Available data: Begin
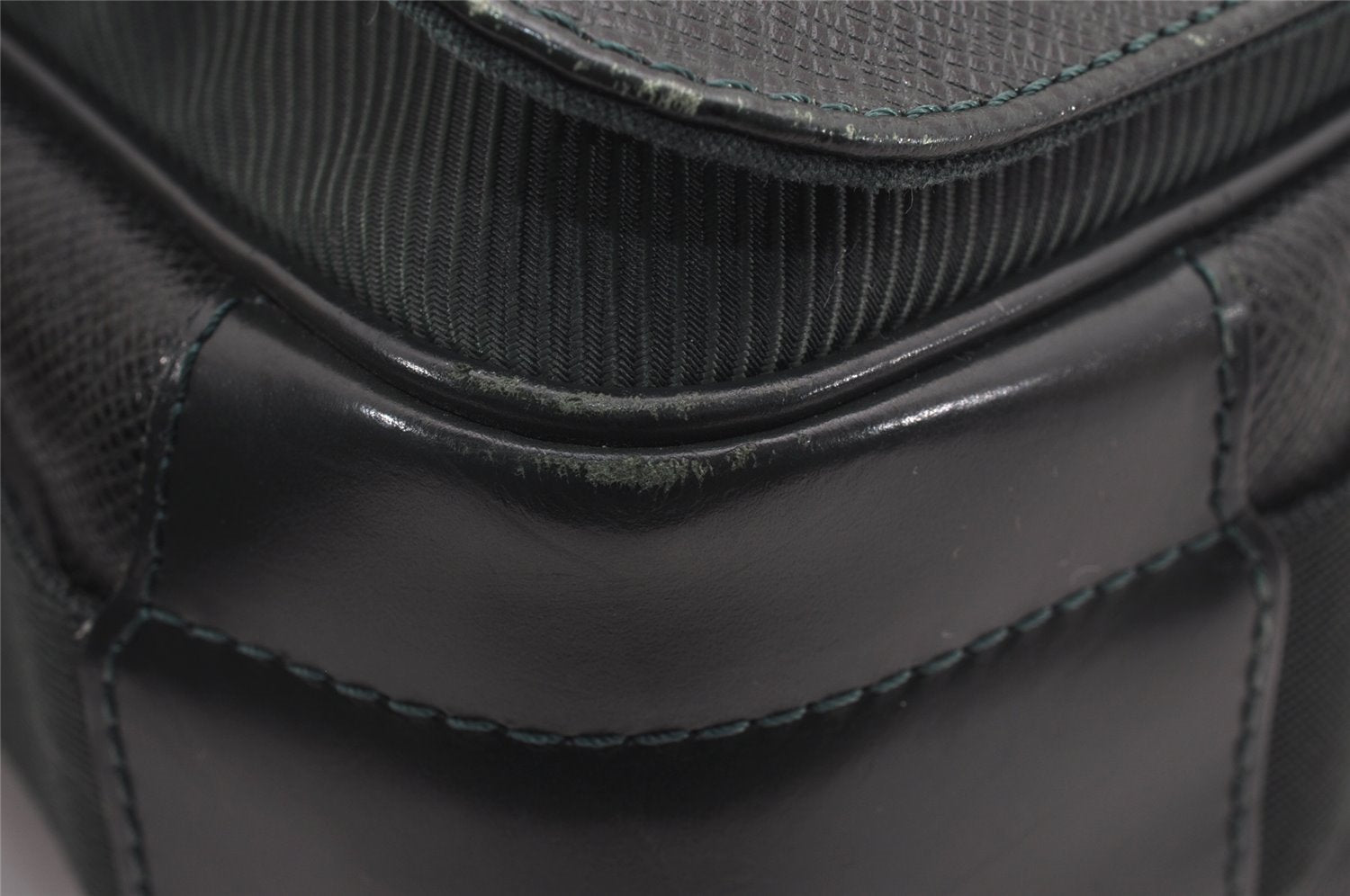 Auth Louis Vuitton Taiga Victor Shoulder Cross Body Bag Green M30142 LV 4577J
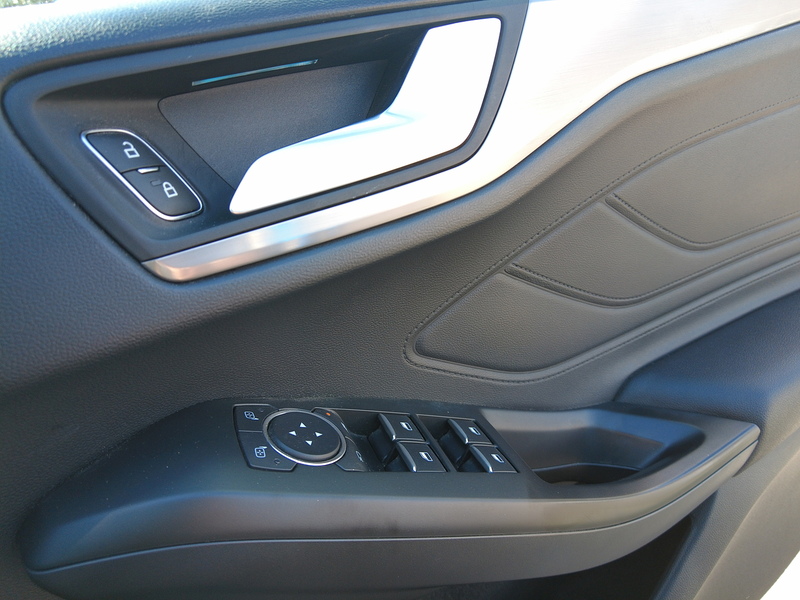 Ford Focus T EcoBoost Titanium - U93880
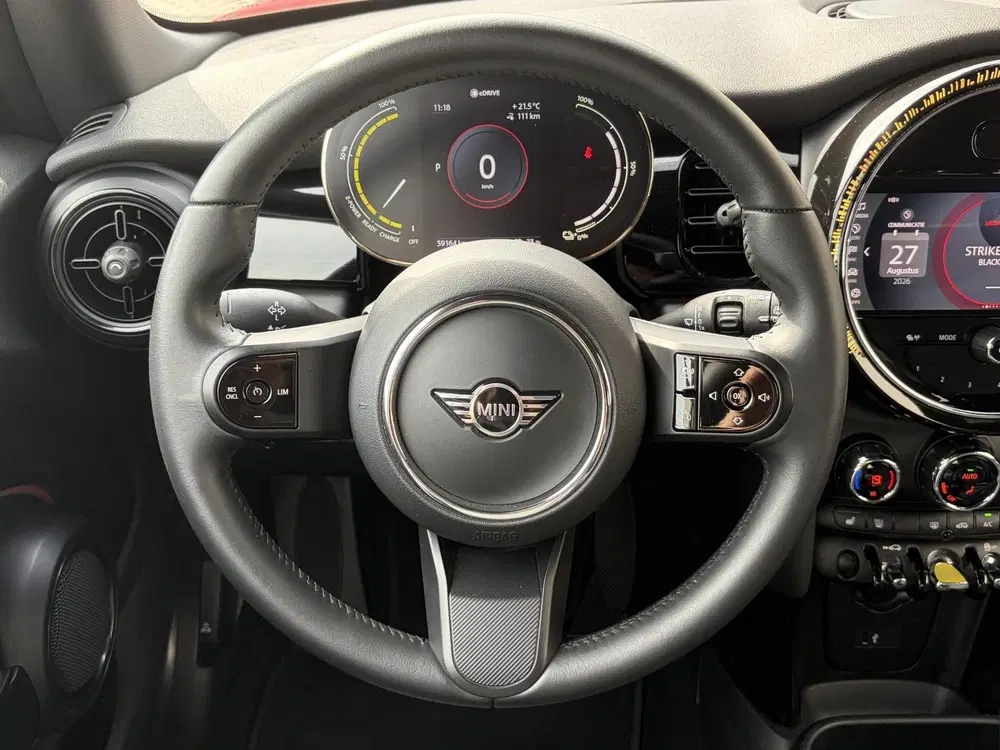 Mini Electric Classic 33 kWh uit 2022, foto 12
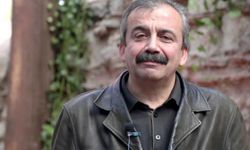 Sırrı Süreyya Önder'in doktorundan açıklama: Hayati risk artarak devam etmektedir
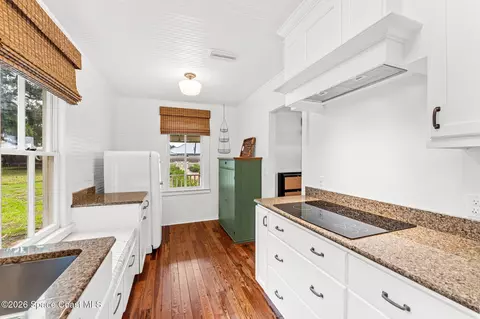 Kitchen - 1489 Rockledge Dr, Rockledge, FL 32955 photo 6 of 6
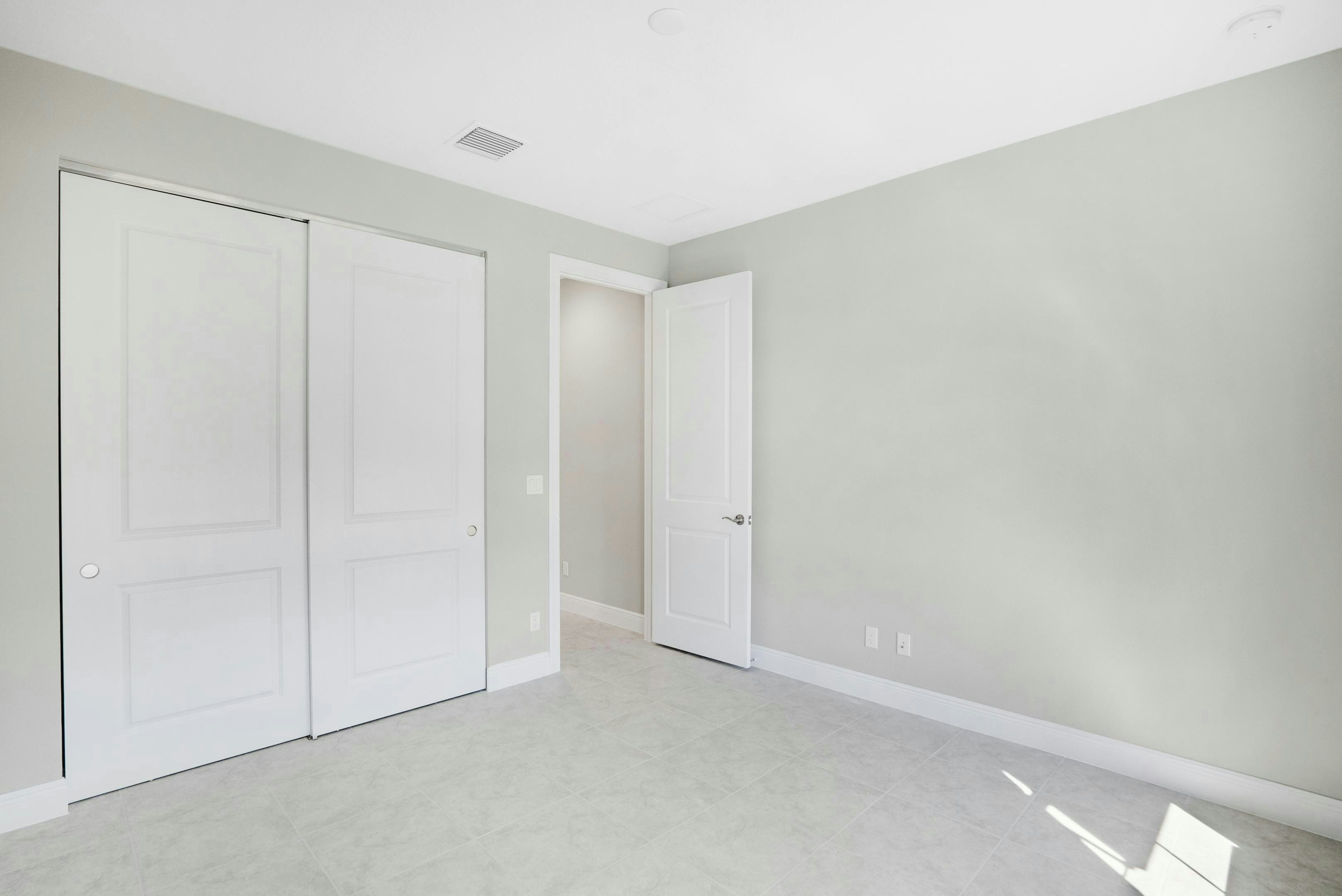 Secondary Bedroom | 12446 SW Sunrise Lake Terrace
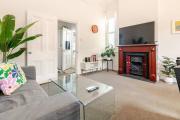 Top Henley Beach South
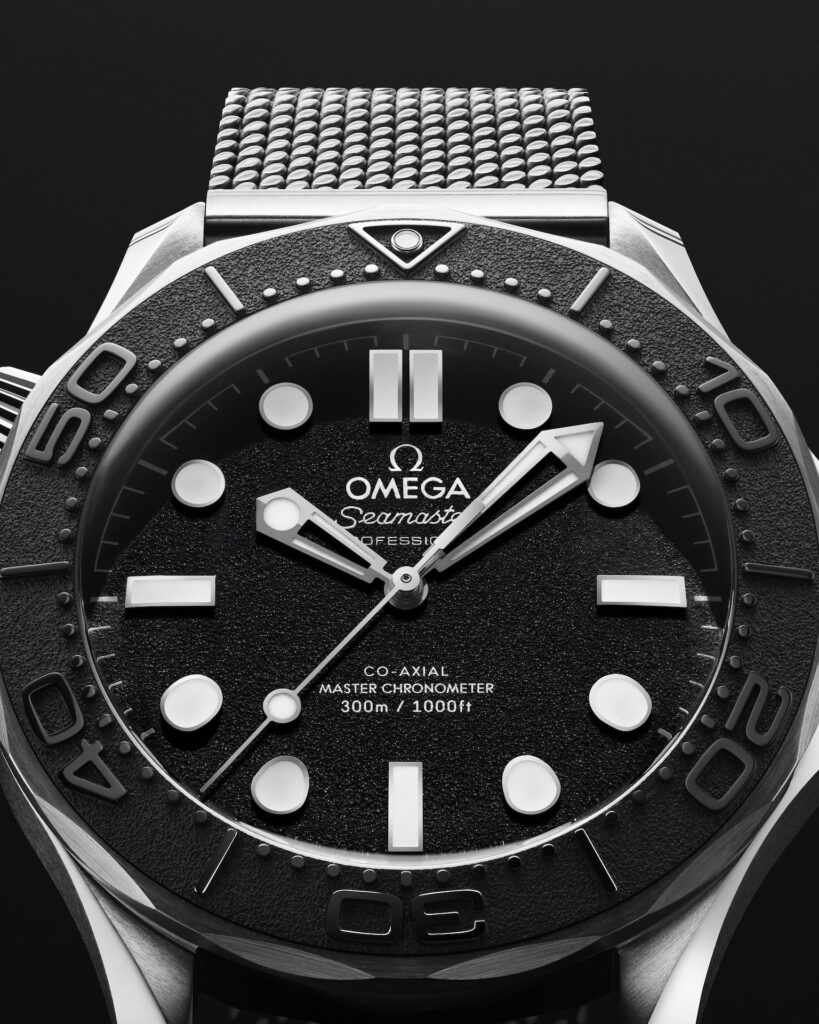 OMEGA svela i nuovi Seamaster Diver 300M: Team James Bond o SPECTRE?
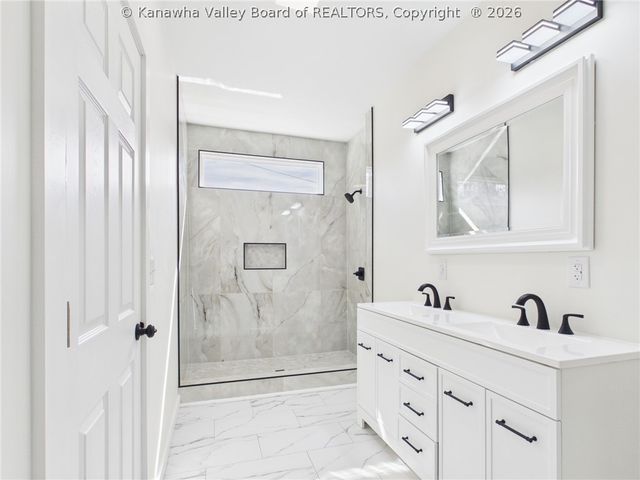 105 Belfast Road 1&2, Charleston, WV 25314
Available data: End
## Exercise objective
Set down the records above exactly, leaving out pictures.

## Exercise answer
 Auth Louis Vuitton Taiga Victor Shoulder Cross Body Bag Green M30142 LV 4577J
 Ford Focus T EcoBoost Titanium - U93880
 Mini Electric Classic 33 kWh uit 2022, foto 12
 Sırrı Süreyya Önder'in doktorundan açıklama: Hayati risk artarak devam etmektedir
 Kitchen - 1489 Rockledge Dr, Rockledge, FL 32955 photo 6 of 6
 Secondary Bedroom | 12446 SW Sunrise Lake Terrace
 Top Henley Beach South
 OMEGA svela i nuovi Seamaster Diver 300M: Team James Bond o SPECTRE?
 105 Belfast Road 1&2, Charleston, WV 25314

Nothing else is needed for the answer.